A guide on how to win CapSim and understand all of its parts and win the simulation in MBA course

Emergency Loan – Capsim Finance Strategy part 1

In this post I am going to write about Emergency Loan – thing that scare every team and will severely hurt your score in this MBA simulation.

Emergency loan in Capsim is the Short-term loan that you have to borrow in a round due to the shortage of money. And like the short term borrowing your team will have to pay it back in the next round. So think of this: If you have an Emergency loan in this round and you do not know how to improve the cash flow, it is very likely that your team will have emergency loan in the next round. I have seen a lot of teams got panic after this and they made even bigger mistake.

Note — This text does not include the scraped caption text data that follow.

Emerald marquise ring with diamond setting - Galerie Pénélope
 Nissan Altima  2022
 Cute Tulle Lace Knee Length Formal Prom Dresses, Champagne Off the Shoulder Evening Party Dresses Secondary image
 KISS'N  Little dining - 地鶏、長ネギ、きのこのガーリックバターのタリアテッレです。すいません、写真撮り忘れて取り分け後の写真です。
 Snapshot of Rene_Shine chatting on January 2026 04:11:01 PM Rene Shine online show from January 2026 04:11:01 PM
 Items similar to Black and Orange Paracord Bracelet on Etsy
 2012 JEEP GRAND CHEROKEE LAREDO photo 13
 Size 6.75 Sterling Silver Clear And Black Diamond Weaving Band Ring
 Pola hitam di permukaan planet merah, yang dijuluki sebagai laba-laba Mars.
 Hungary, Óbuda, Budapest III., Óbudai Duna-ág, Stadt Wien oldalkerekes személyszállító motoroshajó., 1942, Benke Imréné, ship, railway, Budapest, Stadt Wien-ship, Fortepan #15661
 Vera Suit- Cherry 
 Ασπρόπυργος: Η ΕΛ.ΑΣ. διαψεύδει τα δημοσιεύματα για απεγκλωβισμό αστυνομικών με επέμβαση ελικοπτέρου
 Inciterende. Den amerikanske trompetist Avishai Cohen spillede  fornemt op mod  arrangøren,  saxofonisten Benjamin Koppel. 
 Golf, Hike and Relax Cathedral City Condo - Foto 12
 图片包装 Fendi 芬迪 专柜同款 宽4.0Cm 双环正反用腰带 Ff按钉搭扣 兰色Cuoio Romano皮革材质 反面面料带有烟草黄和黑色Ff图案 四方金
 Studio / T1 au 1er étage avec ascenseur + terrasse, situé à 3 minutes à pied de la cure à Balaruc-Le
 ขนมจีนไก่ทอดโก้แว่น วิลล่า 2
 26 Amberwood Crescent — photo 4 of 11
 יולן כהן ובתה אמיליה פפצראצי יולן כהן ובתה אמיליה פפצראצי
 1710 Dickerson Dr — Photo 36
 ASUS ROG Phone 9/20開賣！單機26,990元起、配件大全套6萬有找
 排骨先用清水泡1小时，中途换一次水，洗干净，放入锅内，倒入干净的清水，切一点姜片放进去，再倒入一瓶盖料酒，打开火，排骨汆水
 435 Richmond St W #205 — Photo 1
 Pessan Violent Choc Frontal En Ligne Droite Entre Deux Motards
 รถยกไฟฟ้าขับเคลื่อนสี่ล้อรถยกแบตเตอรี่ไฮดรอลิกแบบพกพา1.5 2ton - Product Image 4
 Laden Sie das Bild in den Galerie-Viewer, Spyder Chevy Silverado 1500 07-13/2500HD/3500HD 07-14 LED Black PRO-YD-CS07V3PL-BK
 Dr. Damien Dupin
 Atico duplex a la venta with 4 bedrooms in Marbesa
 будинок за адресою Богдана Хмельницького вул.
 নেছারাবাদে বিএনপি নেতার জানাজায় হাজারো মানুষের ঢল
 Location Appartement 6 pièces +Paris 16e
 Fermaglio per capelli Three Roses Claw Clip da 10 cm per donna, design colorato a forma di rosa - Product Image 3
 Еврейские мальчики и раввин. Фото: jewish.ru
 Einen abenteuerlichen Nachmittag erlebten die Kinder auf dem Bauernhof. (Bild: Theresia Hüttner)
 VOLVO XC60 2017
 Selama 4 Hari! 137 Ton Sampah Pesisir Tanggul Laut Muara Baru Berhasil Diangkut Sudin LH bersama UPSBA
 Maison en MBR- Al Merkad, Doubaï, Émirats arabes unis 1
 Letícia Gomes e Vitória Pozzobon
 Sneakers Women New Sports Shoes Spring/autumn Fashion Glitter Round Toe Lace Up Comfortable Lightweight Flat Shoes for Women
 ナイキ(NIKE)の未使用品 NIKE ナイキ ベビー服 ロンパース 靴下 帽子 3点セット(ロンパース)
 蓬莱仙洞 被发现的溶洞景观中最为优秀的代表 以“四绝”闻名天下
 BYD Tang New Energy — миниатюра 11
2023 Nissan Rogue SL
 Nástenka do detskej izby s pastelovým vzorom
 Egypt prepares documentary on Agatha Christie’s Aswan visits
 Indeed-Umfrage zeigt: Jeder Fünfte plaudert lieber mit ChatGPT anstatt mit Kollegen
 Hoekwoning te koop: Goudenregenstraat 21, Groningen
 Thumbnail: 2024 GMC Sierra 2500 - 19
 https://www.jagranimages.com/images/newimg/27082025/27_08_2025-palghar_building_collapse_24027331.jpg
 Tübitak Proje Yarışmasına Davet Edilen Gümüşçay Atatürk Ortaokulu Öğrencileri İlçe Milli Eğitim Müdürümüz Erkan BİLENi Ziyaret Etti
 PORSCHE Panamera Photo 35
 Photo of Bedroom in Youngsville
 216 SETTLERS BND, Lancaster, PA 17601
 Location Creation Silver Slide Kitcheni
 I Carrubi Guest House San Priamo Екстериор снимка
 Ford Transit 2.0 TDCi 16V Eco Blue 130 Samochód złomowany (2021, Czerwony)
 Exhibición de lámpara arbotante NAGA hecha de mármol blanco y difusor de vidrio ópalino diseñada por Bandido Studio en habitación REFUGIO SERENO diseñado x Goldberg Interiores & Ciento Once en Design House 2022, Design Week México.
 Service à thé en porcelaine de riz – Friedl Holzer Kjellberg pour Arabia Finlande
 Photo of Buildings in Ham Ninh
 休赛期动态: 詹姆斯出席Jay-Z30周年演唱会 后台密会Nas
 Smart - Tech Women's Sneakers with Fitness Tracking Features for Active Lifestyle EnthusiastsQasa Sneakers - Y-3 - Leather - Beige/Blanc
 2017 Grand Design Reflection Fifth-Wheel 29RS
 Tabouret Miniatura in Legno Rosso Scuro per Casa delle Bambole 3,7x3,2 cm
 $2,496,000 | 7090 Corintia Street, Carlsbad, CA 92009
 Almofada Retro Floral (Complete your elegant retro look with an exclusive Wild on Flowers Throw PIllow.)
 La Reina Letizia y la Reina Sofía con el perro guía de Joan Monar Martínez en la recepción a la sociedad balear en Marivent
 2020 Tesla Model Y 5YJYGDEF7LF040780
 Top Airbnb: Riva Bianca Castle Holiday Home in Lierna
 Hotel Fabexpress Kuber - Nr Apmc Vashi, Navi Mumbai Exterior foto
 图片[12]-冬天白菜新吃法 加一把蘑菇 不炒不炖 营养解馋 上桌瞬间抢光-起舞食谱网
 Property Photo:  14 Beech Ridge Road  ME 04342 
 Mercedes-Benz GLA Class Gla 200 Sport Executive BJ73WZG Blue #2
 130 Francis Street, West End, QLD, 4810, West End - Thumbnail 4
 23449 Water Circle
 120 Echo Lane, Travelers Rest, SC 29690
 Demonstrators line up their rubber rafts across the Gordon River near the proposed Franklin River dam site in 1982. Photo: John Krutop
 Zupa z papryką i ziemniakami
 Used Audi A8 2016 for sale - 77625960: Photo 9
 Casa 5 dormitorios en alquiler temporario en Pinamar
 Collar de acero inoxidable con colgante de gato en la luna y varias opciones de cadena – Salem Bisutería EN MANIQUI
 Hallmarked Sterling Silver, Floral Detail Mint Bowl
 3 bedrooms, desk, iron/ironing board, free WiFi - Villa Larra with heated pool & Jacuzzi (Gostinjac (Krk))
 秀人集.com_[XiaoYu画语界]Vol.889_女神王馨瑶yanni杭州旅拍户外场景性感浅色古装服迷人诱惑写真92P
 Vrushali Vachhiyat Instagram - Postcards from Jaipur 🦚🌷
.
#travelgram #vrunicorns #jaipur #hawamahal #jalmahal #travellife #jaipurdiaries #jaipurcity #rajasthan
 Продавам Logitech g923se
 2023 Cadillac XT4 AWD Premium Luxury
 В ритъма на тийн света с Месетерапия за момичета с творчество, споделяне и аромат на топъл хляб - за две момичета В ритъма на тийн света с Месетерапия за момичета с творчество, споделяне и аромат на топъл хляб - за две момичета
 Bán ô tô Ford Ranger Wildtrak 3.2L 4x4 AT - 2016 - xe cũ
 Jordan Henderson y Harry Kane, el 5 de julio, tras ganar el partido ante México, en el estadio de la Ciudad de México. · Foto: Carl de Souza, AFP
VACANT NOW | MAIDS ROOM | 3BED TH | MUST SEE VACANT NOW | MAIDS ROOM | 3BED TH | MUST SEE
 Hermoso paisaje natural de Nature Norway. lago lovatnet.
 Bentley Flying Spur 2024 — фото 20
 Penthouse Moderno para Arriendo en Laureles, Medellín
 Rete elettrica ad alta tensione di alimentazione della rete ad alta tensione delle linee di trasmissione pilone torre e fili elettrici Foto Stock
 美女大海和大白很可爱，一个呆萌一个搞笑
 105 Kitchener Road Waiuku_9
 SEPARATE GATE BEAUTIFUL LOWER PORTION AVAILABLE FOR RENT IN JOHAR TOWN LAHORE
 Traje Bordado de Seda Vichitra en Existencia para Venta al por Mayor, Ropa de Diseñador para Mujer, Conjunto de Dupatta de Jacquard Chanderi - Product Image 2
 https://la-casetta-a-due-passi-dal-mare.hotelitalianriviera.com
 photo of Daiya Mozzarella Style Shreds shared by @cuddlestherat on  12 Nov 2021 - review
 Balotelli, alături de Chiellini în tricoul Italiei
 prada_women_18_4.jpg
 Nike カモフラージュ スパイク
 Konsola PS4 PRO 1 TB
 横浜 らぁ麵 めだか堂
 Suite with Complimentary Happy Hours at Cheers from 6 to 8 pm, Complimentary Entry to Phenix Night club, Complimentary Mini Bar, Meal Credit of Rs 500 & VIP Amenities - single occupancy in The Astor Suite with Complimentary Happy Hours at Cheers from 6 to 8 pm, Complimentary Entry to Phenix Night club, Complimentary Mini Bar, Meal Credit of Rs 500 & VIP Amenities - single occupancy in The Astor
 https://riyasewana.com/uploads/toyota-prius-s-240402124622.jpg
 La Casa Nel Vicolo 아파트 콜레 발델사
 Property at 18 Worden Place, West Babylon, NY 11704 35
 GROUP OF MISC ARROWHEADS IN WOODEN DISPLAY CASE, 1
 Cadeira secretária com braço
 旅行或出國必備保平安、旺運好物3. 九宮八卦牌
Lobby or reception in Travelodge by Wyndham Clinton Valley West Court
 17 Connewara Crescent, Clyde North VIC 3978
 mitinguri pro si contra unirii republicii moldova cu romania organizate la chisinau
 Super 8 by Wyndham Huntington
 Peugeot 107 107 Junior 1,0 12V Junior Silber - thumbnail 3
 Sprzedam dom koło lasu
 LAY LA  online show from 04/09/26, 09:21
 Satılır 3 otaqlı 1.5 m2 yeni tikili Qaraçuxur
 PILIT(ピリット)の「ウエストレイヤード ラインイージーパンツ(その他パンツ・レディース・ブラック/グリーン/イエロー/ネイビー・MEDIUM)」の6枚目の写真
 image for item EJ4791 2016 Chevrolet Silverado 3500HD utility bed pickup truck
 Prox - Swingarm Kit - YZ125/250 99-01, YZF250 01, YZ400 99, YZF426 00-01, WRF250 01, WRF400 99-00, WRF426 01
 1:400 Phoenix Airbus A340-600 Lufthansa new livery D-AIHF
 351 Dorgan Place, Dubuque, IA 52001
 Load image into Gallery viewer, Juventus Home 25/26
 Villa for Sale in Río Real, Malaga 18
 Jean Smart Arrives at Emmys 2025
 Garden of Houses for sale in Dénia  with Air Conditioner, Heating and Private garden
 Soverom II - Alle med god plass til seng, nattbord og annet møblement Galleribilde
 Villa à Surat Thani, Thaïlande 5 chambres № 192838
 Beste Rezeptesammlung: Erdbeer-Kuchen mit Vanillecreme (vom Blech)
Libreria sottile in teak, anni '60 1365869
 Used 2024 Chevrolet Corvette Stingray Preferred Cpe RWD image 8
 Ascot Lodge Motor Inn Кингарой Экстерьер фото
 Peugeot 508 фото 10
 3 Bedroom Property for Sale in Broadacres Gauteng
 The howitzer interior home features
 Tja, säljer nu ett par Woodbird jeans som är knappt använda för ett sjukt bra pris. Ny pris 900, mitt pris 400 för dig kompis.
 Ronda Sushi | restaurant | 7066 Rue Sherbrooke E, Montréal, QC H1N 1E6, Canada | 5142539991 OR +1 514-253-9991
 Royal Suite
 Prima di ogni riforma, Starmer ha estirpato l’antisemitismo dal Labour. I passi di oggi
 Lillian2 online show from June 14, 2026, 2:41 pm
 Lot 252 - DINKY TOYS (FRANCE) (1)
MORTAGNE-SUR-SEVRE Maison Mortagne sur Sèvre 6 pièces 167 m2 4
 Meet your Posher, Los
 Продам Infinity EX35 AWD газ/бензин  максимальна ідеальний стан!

From my experience, one common reason for Emergency loan could be excessive Inventory – which come from some wrong R&D decisions or wrong Forecasting (that’s why in my R&D Strategy in Capsim posts I told you to read the Industry Condition Report very carefully). Either producing too much or your sensors getting out of the Customers’ Buying Criteria could lead to high Inventory costs.

The second reason is bad Cash flow, in the first three rounds you will need a huge amount of money for investments such as capacity, automation level, designing new products, and marketing campaign. Actually, excessive Inventory causes bad Cash flow too because Inventory is deducted from Cash flow from operating activities. See the picture below for more information. Digby had a negative Net cash from operations of $8 million with a negative $13 million from Inventory (but it shows $8k and $13k)

Andrews, Baldwin, Digby all had negative Cash flow and 5 out of 6 teams got Emergency loan since they did not have enough cash as of December 31.

So, as you can see Ferris had a Negative Cash flow but how did they not get the Emergency loan? It was because their Cash account in Balance sheet was $27 million after the deduction (the red circle). It means they had plenty of cash and I’m pretty sure that they did not need to worry about a Negative cash flow.

I will analyze the next round (Round 4) as well so you guys will have a better idea of what I’m talking about:

We can see some improvements of cash flow in this round but Digby and Baldwin were still in trouble.

– Chester, Erie and Ferris cleared their inventory and got positive cash flow from Inventory (the red arrows).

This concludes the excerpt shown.